Only after I’d paused did one of the girls ask politely if I’d like some. “I don’t drink sweet things,” I said, but not wanting to disappoint them, “I’ll donate the 25 cents.” I dropped a quarter into their jar. As I turned to walk away, a wee lad of three or four piped up, “I like your blue eyes!”

He was looking at my green sunglasses: green lenses, green frames. I didn’t seize the opportunity to explain that statistically boys are more likely to be color-blind than girls; I did, however, proceed to argue with him about the nature of reality.

“My eyes aren’t blue!” I exclaimed, pushing up my glasses for him to see. “They’re green and brown! I like your blue eyes, though!” “My eyes aren’t blue!” he retorted winningly, all evidence to the contrary.

Did a satisfying conclusion exist for this friendly dispute? Standing there with four kids looking at me, I realized that I had betrayed the principles of mindfulness as espoused by Susan Kaiser Greenland. In her book The Mindful Child, she suggests a classroom exercise in which children take turns pairing off to tell each other how their eyes look, as opposed to what color they are, in acknowledgment both of individual perception and of the possibility of change. If I’d had my wits about me, I could have asked the boy, “Oh, do my eyes look blue to you?” and had an exchange that didn’t negate his very dear opening remark. Facts may (or may not) be facts, but regardless, they don’t necessarily need to come first.

“Possibility” has been a key component in the work of Dr. Ellen Langer, which I was excited to discover early this summer; her books represent decades of inspired and inspiring research. In The Power of Mindful Learning, she describes experiments in which material to be learned is presented conditionally—in essence, “This is one way it could be” vs. the more common “This is how it is”—with positive results.

In one study, free piano lessons were offered to participants randomly assigned to one of two groups.
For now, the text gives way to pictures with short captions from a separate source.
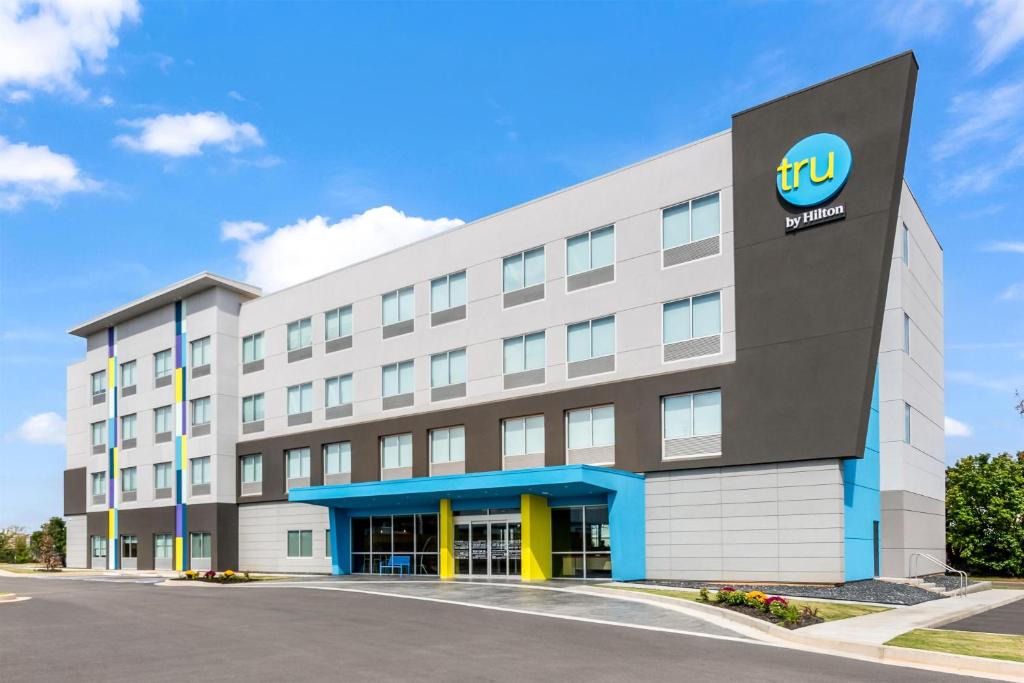 National Hills Hotel | Tru By Hilton Augusta Washington Road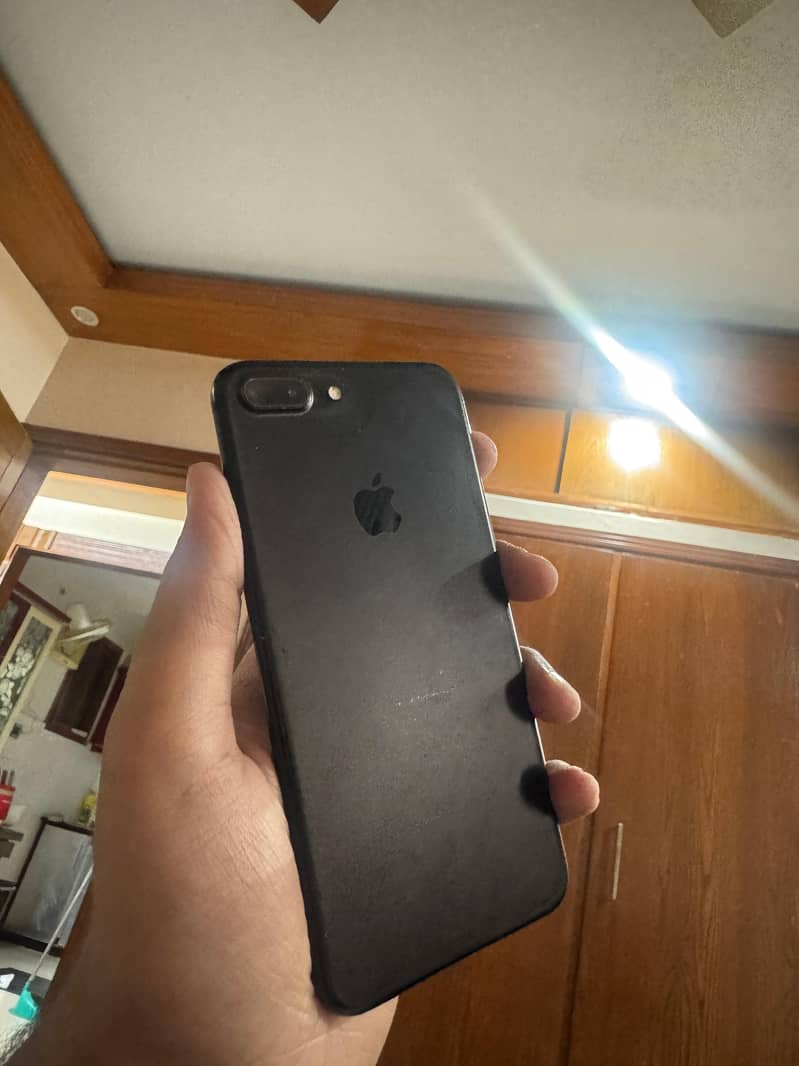 Apple iPhone 7 Plus 1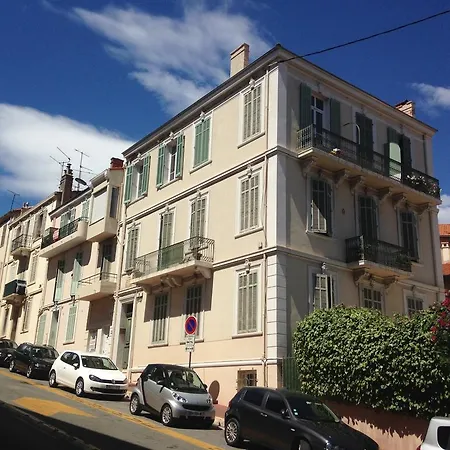 Апартаменты Avec Jardin *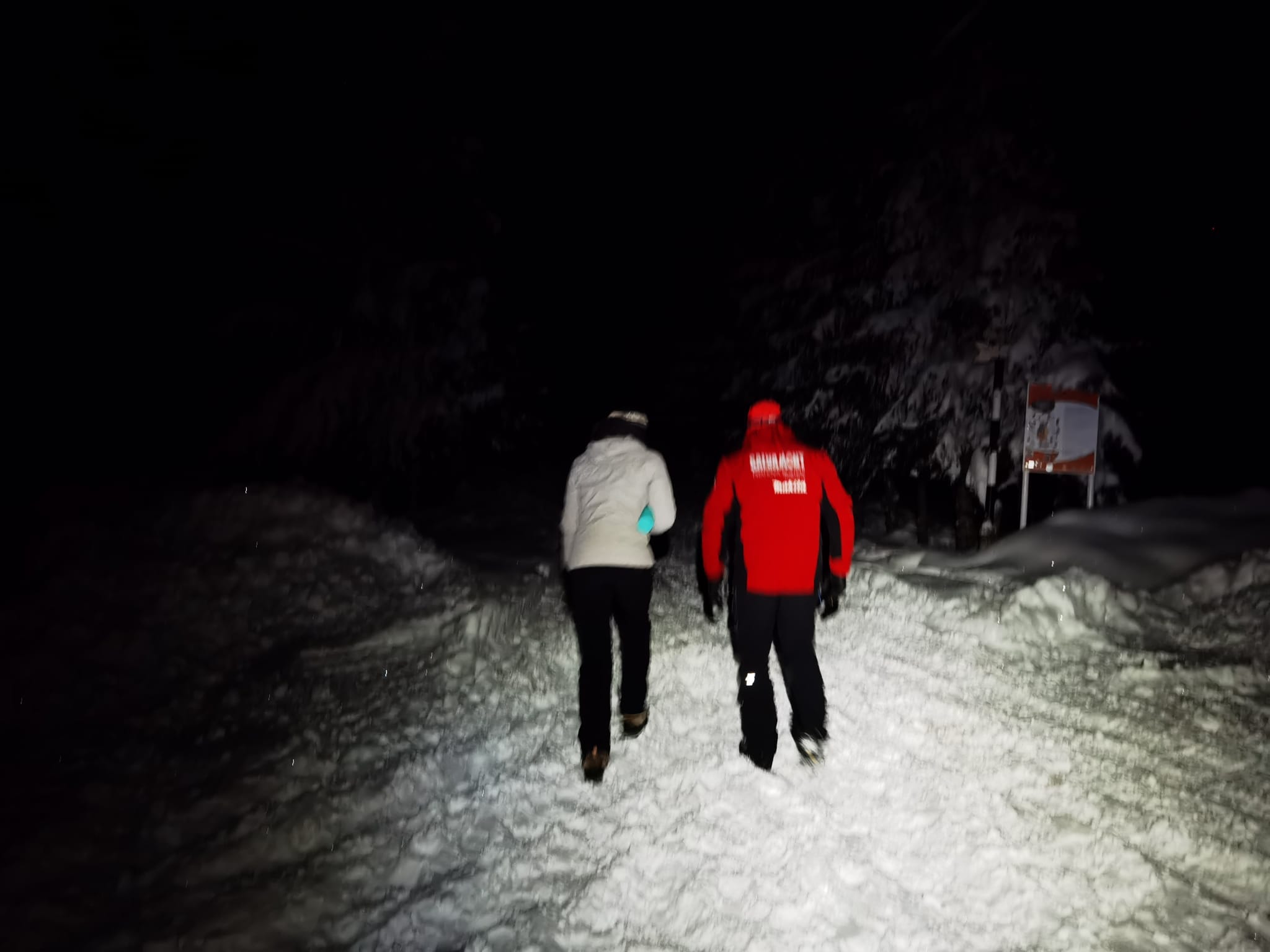 O turistă din Elveția s-a rătăcit în Bucegi și a umblat ore în șir prin zăpadă până la genunchi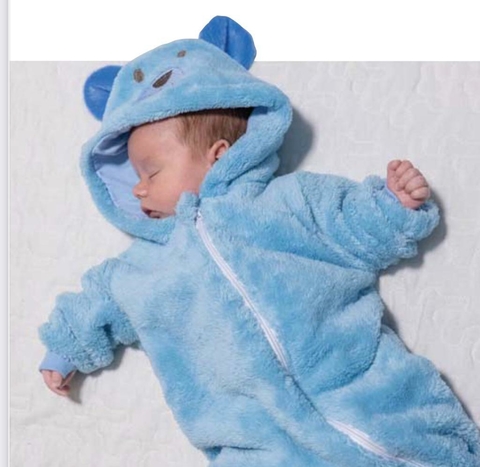 MACACÃO DE MICROFIBRA COM CAPUZ BORDADO E FORRADO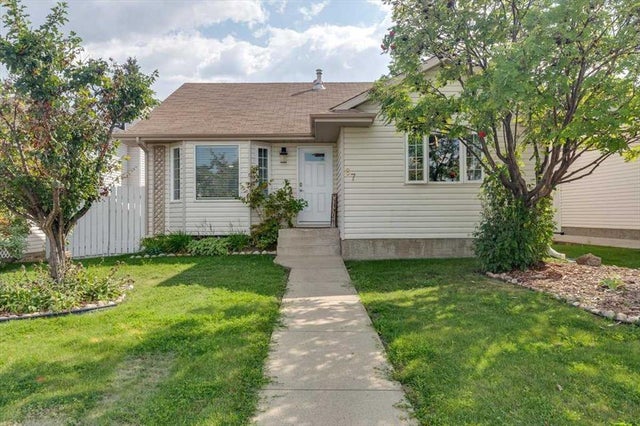 67 Duston Street, Red Deer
One group was asked to memorize through repetition, as is typical, while members of the second group were encouraged to vary their style as much as possible while doing preliminary fingering exercises, and to pay attention to the influence of thoughts, sensations, and feelings. Each group was given the same specific lesson, and the piano playing was taped and rated by two experienced observers (presumably not privy to the grouping, although that’s not explicitly stated in the summary). The mindful players were seen as demonstrating greater competence and creativity—and also enjoyed the activity more.

In the first chapter alone, a number of other examples echo that theme: that more exceptional performances, as well as greater satisfaction, arise from the invitation to engage mindfully, which Dr. Langer describes in slightly different terms than the definition popularized by Jon Kabat Zinn. She identifies three traits of mindful learning as “the continuous creation of new categories; openness to new information; and an implicit awareness of more than one perspective.”

Having recently begun The Power of Mindful Learning at the time of my walk, its insights flashed through my mind as I was ruing my poor conversational choices, and I realized I could at least plant a different seed of possibility, before moving on. “Now you can decide,” I said, “whether you want to just keep that quarter as a bonus, or donate a free cup of lemonade to the next person who walks past.” Maybe they gave some thought to that; maybe it will stay with them.


A seed is, itself, a possibility. A small, good thing.



The Mindful Child (2010) by Susan Kaiser Greenland, from Atria Paperback, New York.

The Power of Mindful Learning (1997) by Ellen J. Langer, from Addison-Wesley Publishing Company, Reading, Massachusetts. Quoted with permission from the author, from p. 4 of this edition.